Normally, individual drives are not visualized in detail for unit loaders in the case of VA-Tubulars, since

they are operated by means of push-buttons (console or touch buttons) and thus already represented

(lamp or touch button).

Point 8.7.6 is extracted from a PC visualization (Siemens WinCC-OA).

8.7.1 Time synchronization

The time synchronization between PLC and control panel is done via an area pointer which accesses

the local time in the DB “Datum_Zeit_DB”.

The automatic mechanism for time synchronization from WinCC-Advanced (HMI time synchronization

mode) is not used because in this case the time zone of the panel must match the PLC. After

replacement of the (defect) panel, the time zone would then need to be set manually each time. This is

not desired by VAT.

8.7.2 Operator logon

Not usually used at voestalpine Tubulars GmbH & Co KG.

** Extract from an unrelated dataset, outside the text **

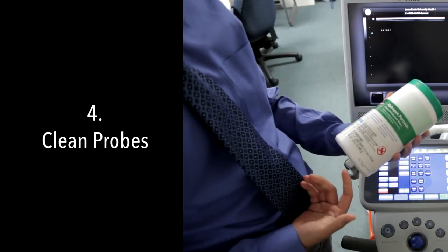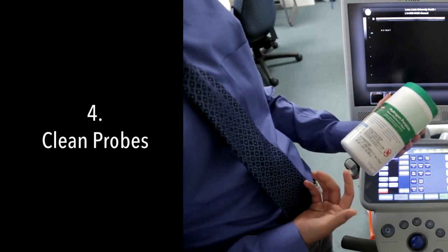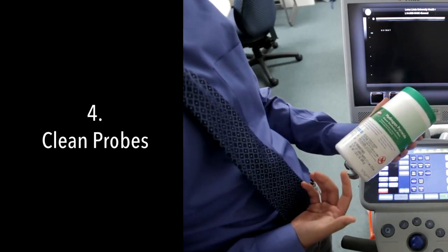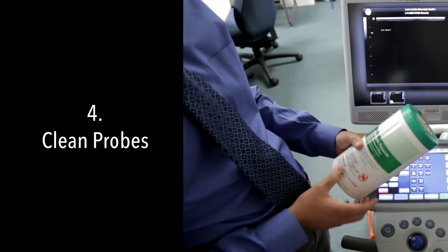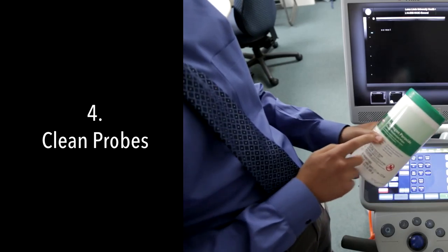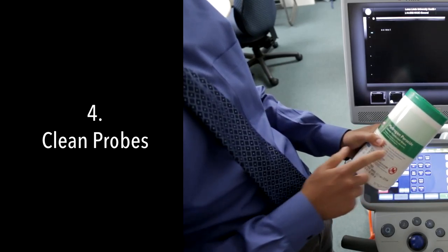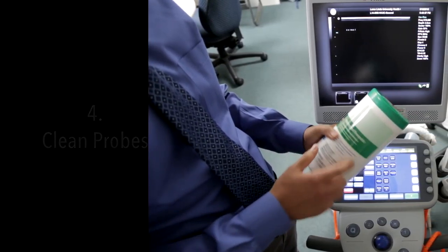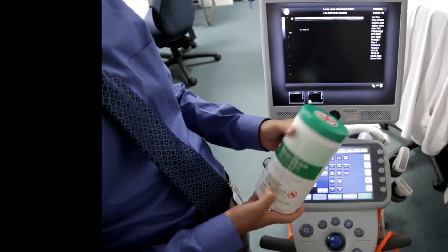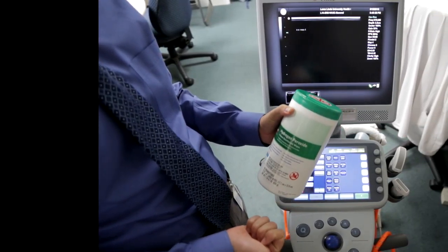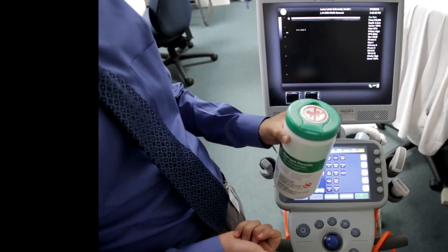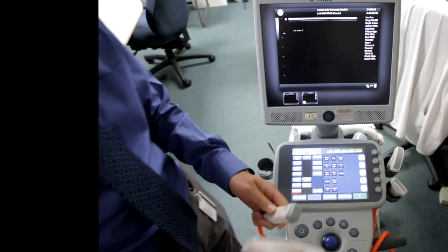Basically anything with a green top will work for cleaning probes. Just look for a green top, either hydrogen peroxide or other disinfectants. Do not use alcohol when cleaning the probes.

Only functions that are relevant for maintenance personnel (e.g. end runtime) are password-protected.

Parameters that the user is not allowed to change are not shown on the HMI.

If they need to be changed, this will be done directly with TIA-Portal by the maintenance personnel.

8.7.3 Alarm messages

Standard alarm window from WinCC flexible.

8.7.4 Archiving

If archiving is required, then a standard variable archive (memory card) is to be created.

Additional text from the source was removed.